Mais comment cela s’est-il effectué ?
La traçabilité, les puces électroniques RFID, l’ensemble des techniques d’industrialisation qui avaient déjà pénétré dans les exploitations, les normes de production et pourquoi pas l’idée même de Progrès, voilà tout ce qui a permis d’asservir la campagne à l’industrie, et par ricochet, les consommateurs aux industriels. Cependant pour ceux qui prétendraient résister, il ne faut pas seulement refuser la puce électronique et réduire la résistance à une résistance contre une technique, il faut surtout « refuser l’administration qui depuis soixante ans, a pour objet de fabriquer ces mesures. » (p.229). C’est bien à l’initiative de l’administration plutôt qu’à celle du secteur privé que cette domestication et cette industrialisation de tout ont pu se réaliser.
Dans cette histoire de la conquête de l’agriculture par l’industrie, ni la taille des exploitations, ni les méthodes de commercialisation ne sont les clefs permettant de comprendre. Les choses ne sont pas aussi simples et ne se résument pas à l’opposition entre grosses exploitations « industrielles » et petites exploitations échappant à tout industrialisme. En fin de compte, quel que soit la taille des exploitations, tous les producteurs appartiennent à la même administration, ils respectent la même règlementation qui leur impose les mêmes méthodes de travail. Et de citer par exemple pour « les fromagers : des compléments alimentaires industriellement calibrés, des ferments et des levures sélectionnés en laboratoire, des remèdes issus de la chimie de synthèse et des fromages dont les arômes sont identiques de la Bretagne à la Provence en passant par le Poitou. » (p. 133)
Finalement, entre la loi de 1966 sur la mise en place de la sélection génétique et celle de 2006 sur la traçabilité avec les puces RFID ou sur la sélection des animaux, qui n’appartient plus au paysan, nous avons assisté à une grande dépossession, celle du savoir faire, mais aussi de la propriété du paysan sur son cheptel.
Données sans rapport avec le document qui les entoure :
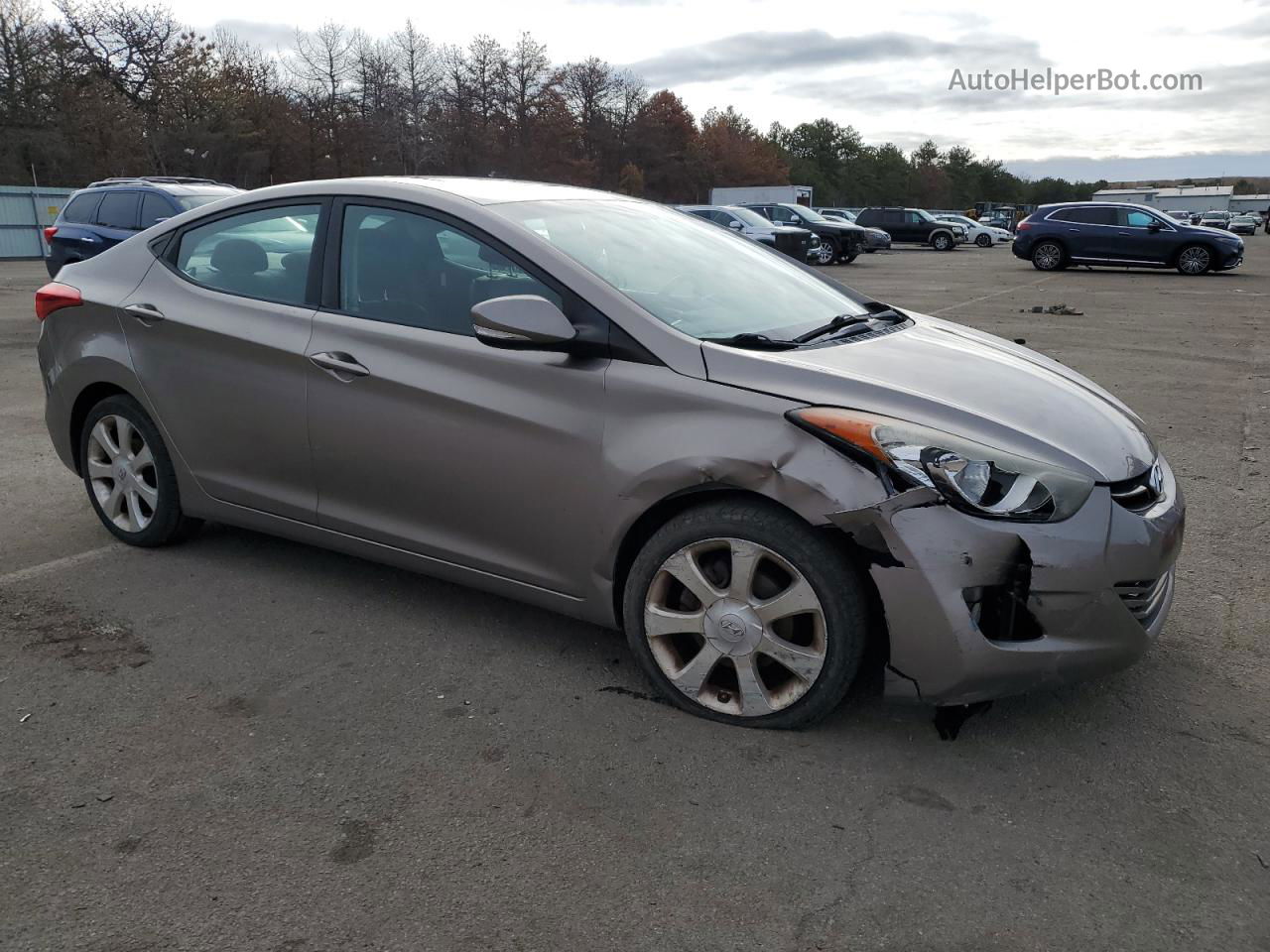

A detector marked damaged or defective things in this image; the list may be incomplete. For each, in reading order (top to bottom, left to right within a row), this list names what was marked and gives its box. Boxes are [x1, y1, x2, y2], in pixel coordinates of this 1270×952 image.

damaged gray sedan [35, 177, 1183, 730]
broken headlight [790, 403, 1095, 520]
crumpled front bumper [829, 458, 1183, 702]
On en est arrivé à une situation paradoxale, le système administratif et industriel sélectionne les semences des animaux pour produire le plus possible en leur faisant manger des céréales (alors que ce sont des ruminants au corps habitué à l’herbe) et en les coupant des pâturages jugés trop « dangereux », car source de « pathologies ».
Cette situation engendre appauvrissement de la biodiversité et multiplication des maladies, dont certaines, qui étaient limitées aux animaux comme la « tremblante du mouton », se transmettent maintenant à l’homme comme avec l’ESB en 1989, en cause : l’alimentation carnée pour des herbivores !
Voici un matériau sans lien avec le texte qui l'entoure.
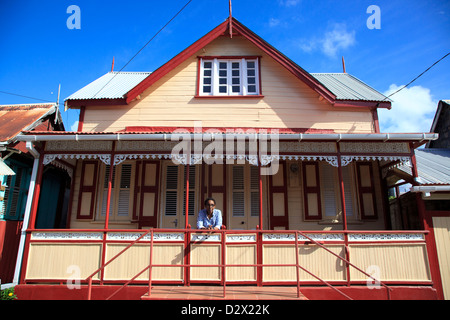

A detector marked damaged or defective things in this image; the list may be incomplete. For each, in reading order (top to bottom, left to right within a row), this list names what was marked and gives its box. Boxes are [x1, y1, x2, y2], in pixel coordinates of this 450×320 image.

rusty roof [0, 104, 59, 142]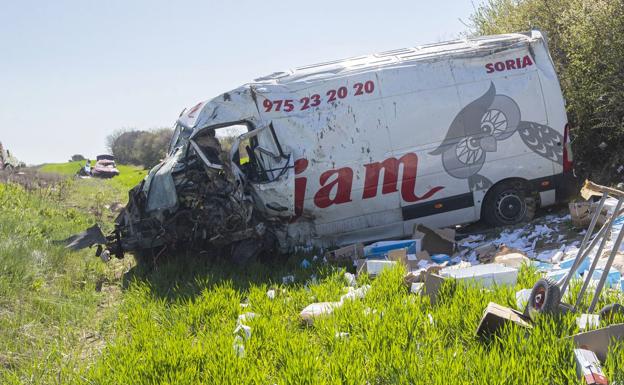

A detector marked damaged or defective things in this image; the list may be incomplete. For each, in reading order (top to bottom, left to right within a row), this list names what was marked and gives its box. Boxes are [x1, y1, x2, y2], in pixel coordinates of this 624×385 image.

wrecked van [86, 31, 576, 262]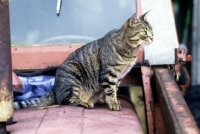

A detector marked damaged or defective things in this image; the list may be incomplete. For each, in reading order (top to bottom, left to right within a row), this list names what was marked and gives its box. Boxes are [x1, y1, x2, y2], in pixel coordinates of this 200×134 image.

rusty metal [154, 68, 199, 133]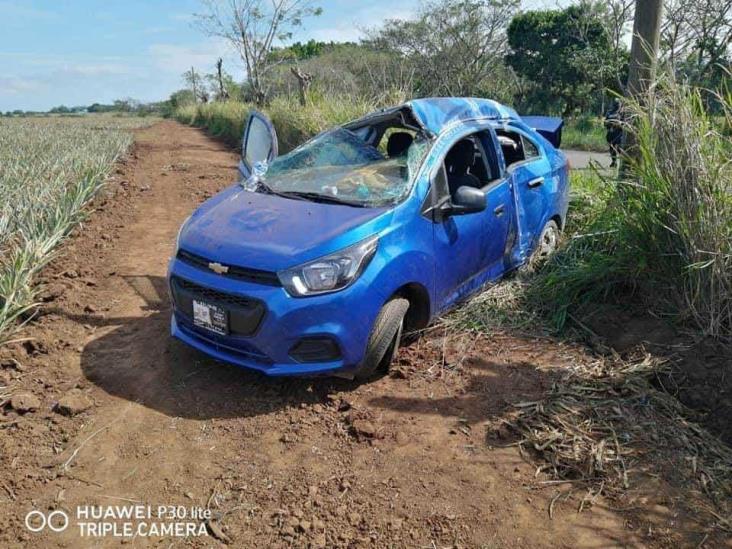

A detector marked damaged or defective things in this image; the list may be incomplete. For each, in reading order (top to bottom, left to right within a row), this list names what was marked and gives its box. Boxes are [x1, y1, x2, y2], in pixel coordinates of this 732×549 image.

crushed car roof [406, 97, 520, 135]
shattered windshield [256, 127, 428, 207]
crashed blue sedan [169, 98, 568, 378]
Il faut refuser ce système qui dépossède, détruit la biosphère, et fabrique des maladies, qui remplace tout conflit politique par la négociation. « Alors on se surprend, du fond de sa campagne, à comprendre le sentiment de gens qui brûlent tout ce qui peut représenter l’Etat et ses organismes de régulation, du commissariat au centre social en passant par l’hypermarché. » (p.231)
Ayant vécu le mépris bureaucratique, on comprend ce sentiment qui pousse à l’émeute contre l’obligation de la mise en conformité administrative ; un sentiment commun entre un habitant des cités et un agriculteur dépossédé de tout se crée.